◆ **Activity**
Starting at the top of the records below and ending with the line that contains "Hello everybody and", print each line exactly as written, skipping the pictures.

◆ **Dataset entries**
- - - - -
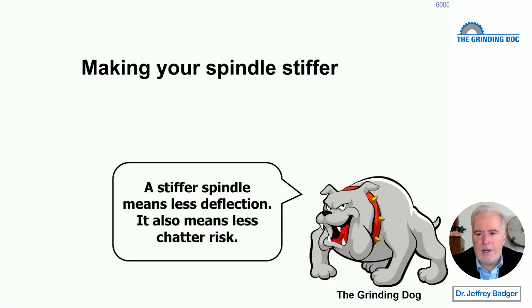And that's what we're going to talk about today — one very, very small aspect of chatter. Chatter is a big, nasty subject, but we're going to talk about one small aspect of it and how you can reduce your chatter risk, or maybe eliminate that chatter.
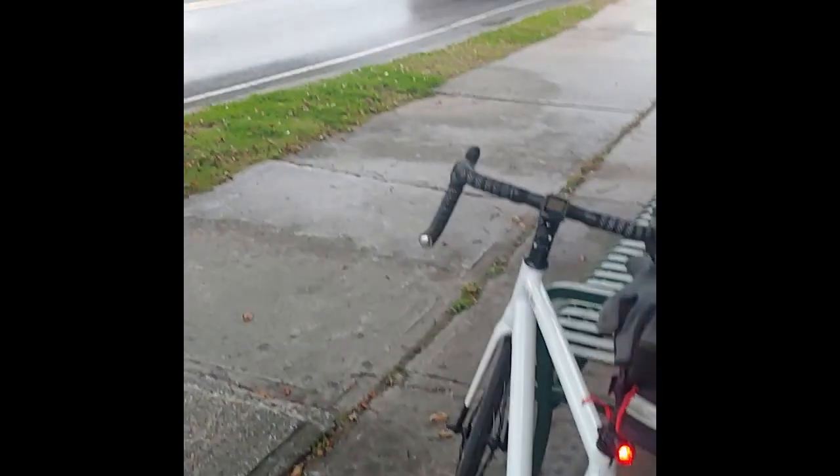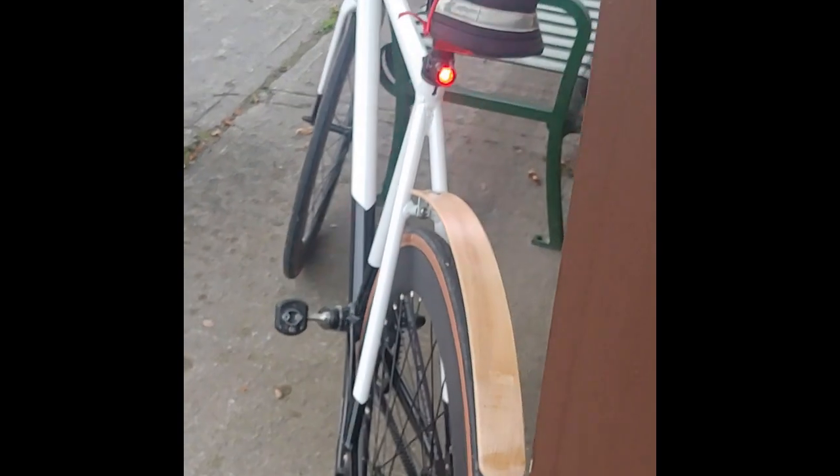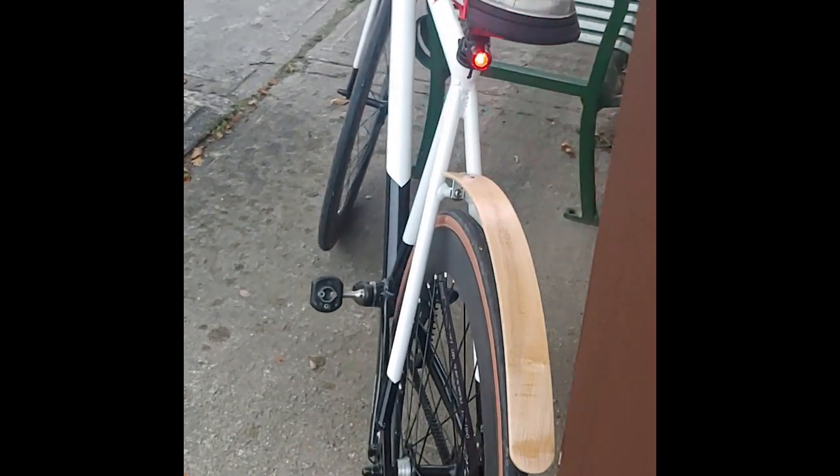Homemade fender test. Wet drippy roads — we'll see how this goes. I'm wearing a black coat, and we'll see what it looks like at the end.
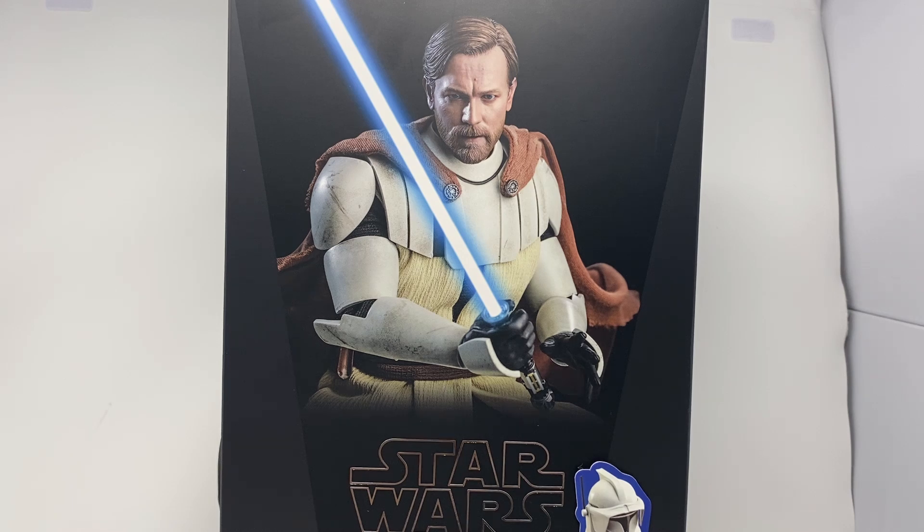Hello everybody and welcome back to another sixth scale figure review. I'm your host TheatreManiac, and today we have a figure that I never thought would ever even go for pre-order after they showed it off. For years we sat there and nothing was coming of it, and then all of a sudden, bam — out of the blue — Obi-Wan in Clone Wars armor.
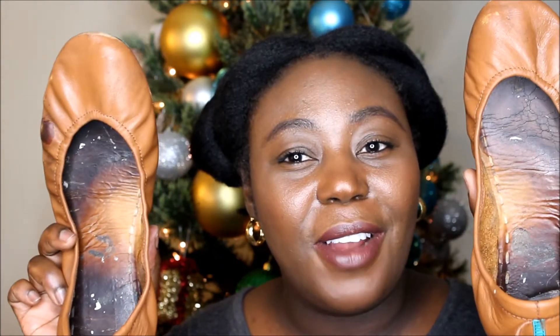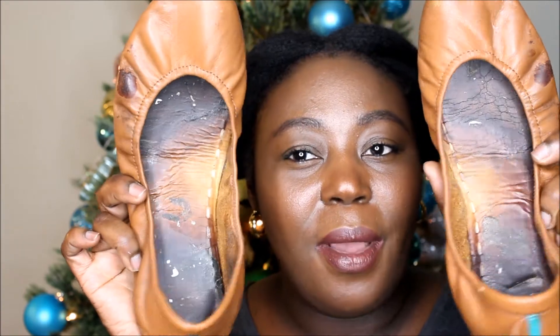After a year, do I still like these shoes? I have to say yes — I very much do love these. These are like the best ballet flat I've ever had. You can see the inside is really brown, but I mentioned this in the previous video.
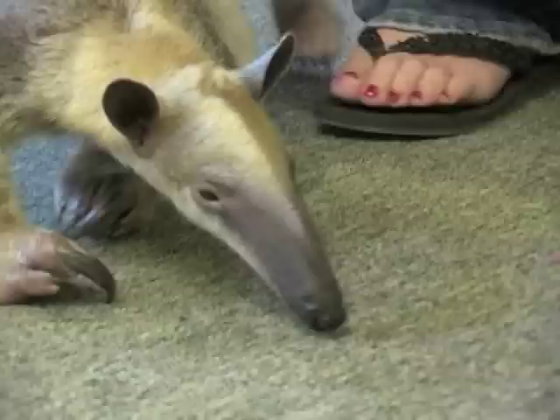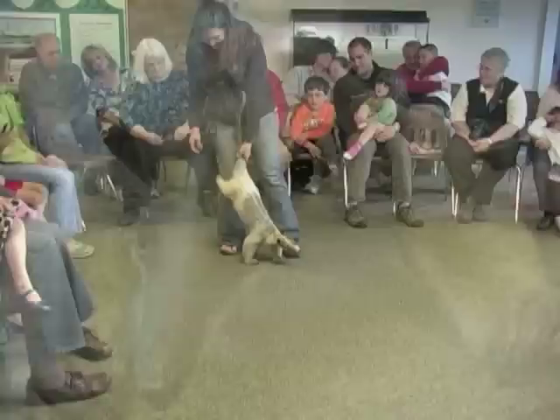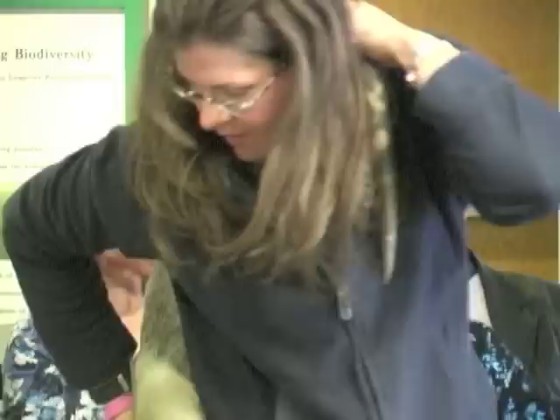Bosco is fully grown — he's not going to get any bigger than this — and he does have a prehensile tail, like a monkey. Anteaters don't have a true mouth like we do, or like the armadillo. Their mouth is actually the size of a pencil eraser and it doesn't open; it's just an elongated snout.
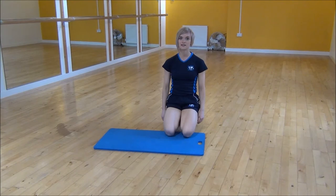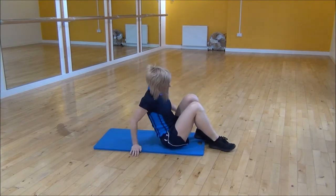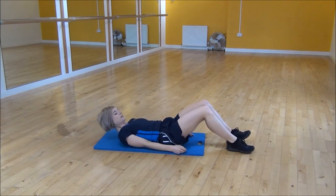Ok everyone, the next exercise today is the Bicycle Crunch. So we're going to lie on our back, and it's going to be opposite knee to opposite elbow.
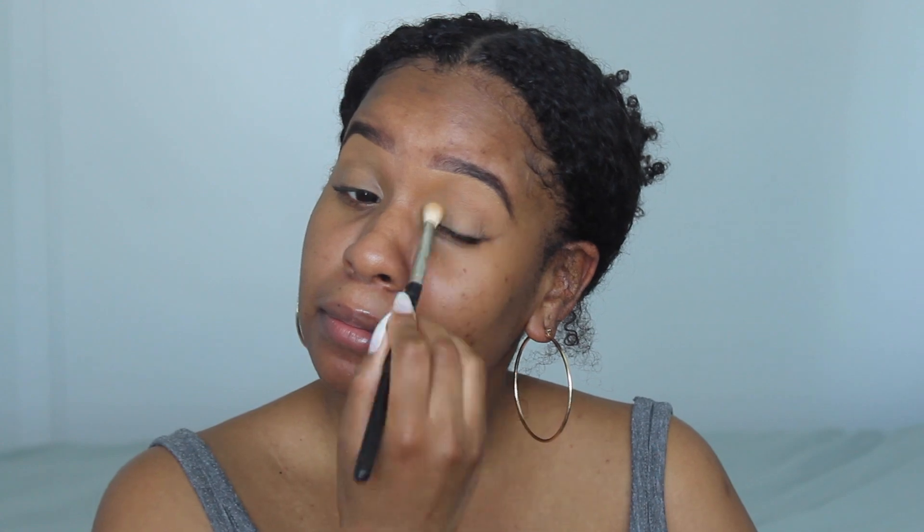That is my summer glowy look. So I'm trying to go for a summer look today — the sun is out. I've already filled in my eyebrows to save some time, and now I'm just going to set my concealer using my Sacha buttercup powder, just to set that in place.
- - - - -
◆ **Solution**
And that's what we're going to talk about today — one very, very small aspect of chatter. Chatter is a big, nasty subject, but we're going to talk about one small aspect of it and how you can reduce your chatter risk, or maybe eliminate that chatter.
Homemade fender test. Wet drippy roads — we'll see how this goes. I'm wearing a black coat, and we'll see what it looks like at the end.
Hello everybody and welcome back to another sixth scale figure review. I'm your host TheatreManiac, and today we have a figure that I never thought would ever even go for pre-order after they showed it off. For years we sat there and nothing was coming of it, and then all of a sudden, bam — out of the blue — Obi-Wan in Clone Wars armor.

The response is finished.